Nutty Gulab Jamun (sweet dumplings in syrup)2013-09-02
- Yield : 40
- Servings : 10
- Prep Time : 60m
- Cook Time : 20m
- Ready In : 1:20 h
- Ingredients for dough:
- 300g milk powder
- 100g Self Raising flour
- 1 teaspoon bicarbonate of soda
- 1 tablespoon ground almonds
- 1 tablespoon – ground pistachio nuts
- pinch of salt
- 5 dessertspoons melted butter
- 5 dessertspoons plain yogurt
- 1/2 cup or less milk
- Sugar Syrup:
- 500g sugar
- 2 cups water
- whole spices to infuse the syrup (optional)
- 1 or 2 dessertspoon strawberry essence
- Oil for deep frying
In a bowl mix all of the dough ingredients but being careful not to add all the milk at once. The dough needs to be the consistency that you can shape into a ball without it being sticky to handle. Start with half the milk then feel a small part of the dough and check by rolling it into a ball and if it breaks apart then extra milk is needed to bind it together. The best dough will be the one that doesn’t crack, break or crumble when you roll it in the palm of your hand. Once you have determined that the dough is the right consistency then start rolling it into little balls weighing roughly 15g each. This recipe quantity should make approximately 40 balls. The balls will expand a little when being deep fried and even more so when it soaks up the sweet syrup in the final process.
When all the balls are ready for frying you could either let them rest in the fridge or simply have a deep pan of good quality oil ready for deep frying. The oil temperature for frying needs to be on a medium to low heat because any hot temperature will burn the mixture making them black without even cooking them inside. Test a small ball to see how it comes out before starting on the others. Each batch should take roughly 3 minutes to cook and the colour should be a deep golden brown to light brown but no darker. Once a batch of balls are cooked scoop them out with a draining spoon and place them into a colander lined with a paper towel in order to drain any surplus oil.
In another pan boil the water and sugar then simmer for 5 minutes, boil with spices of your choice if preferred. When ready let the mixture cool slightly then arrange the cooked gulab jamun balls in a serving dish. Remove all of the used spices if you used any and then add the flavour essence, mix well then pour the syrup over the gulab jamun balls and let them absorb the syrup for at least 2 hours or overnight. If you like serve the gulab jamun with a sprinkling of ground pistachios or ground spices.
Variations and My Story
Traditionally Gulab Jamun are a Northern Indian dessert.
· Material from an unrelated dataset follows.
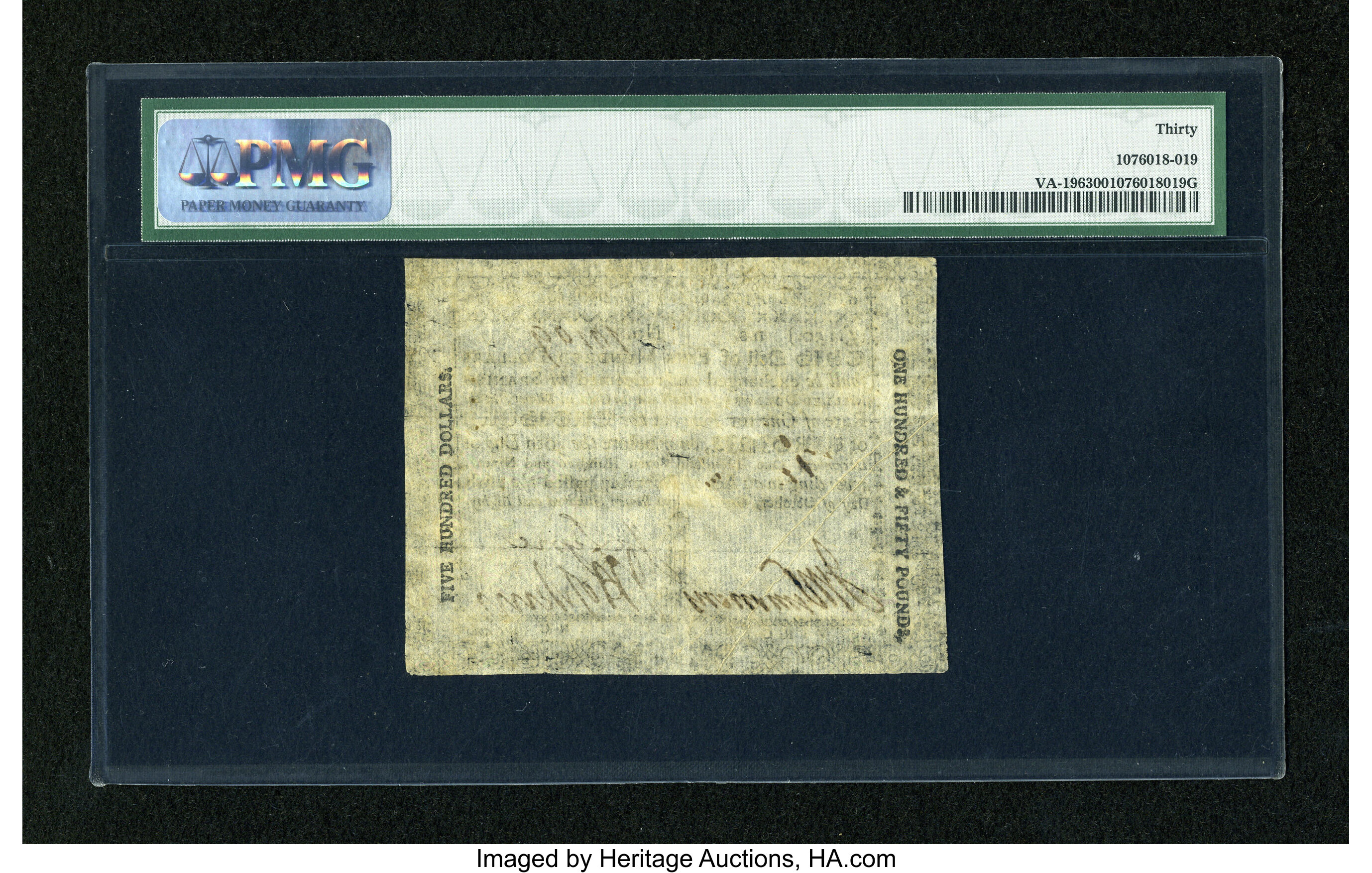 image for: Virginia October 16, 1780 $500 PMG Very Fine 30....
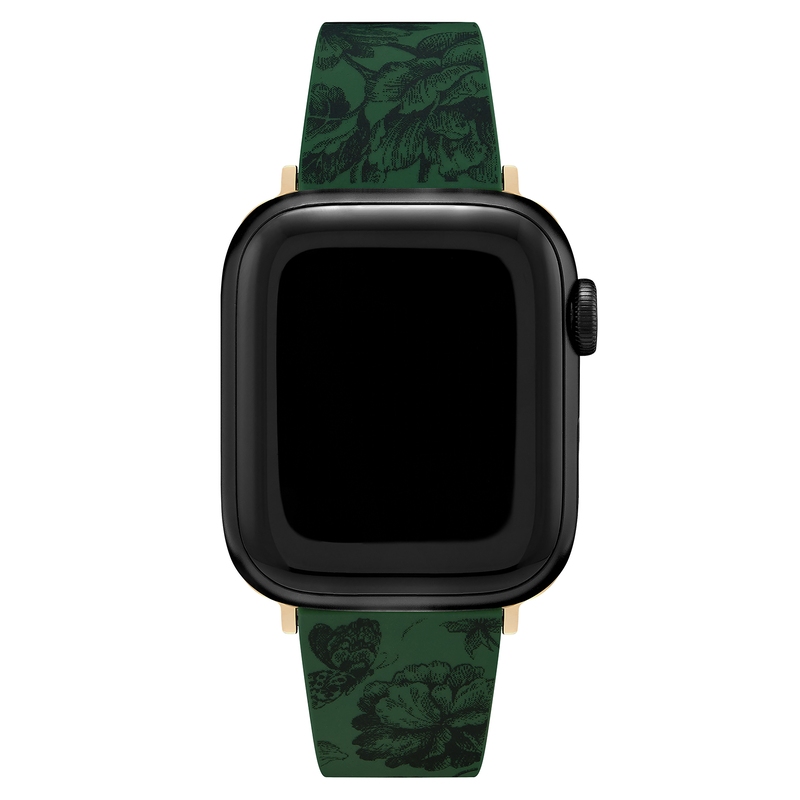 Strap for Apple Watch Emerald Green with Onyx Floral Print Silicone Strap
The introduction to this sweet comes from my father’s heritage. I felt it was fitting for me to make this dessert on Father’s Day celebration to honour him. Plus my Stephen has such a sweet tooth that he couldn’t wait to try it when he heard that I was going to make it. This however is my ‘fusion version’ of adding a few things to the Gulab Jamun balls that are not necessarily in a traditional version. The name Gulab means ‘Rose’, as in the flower rose hence the rosewater, and traditionally cardamom and cinnamon would be used too. I liked the idea of using strawberry essence instead of rosewater in my sugar syrup. I hope my father would be proud that I have combined the East with the West to also celebrate my family’s own mixture of cultures.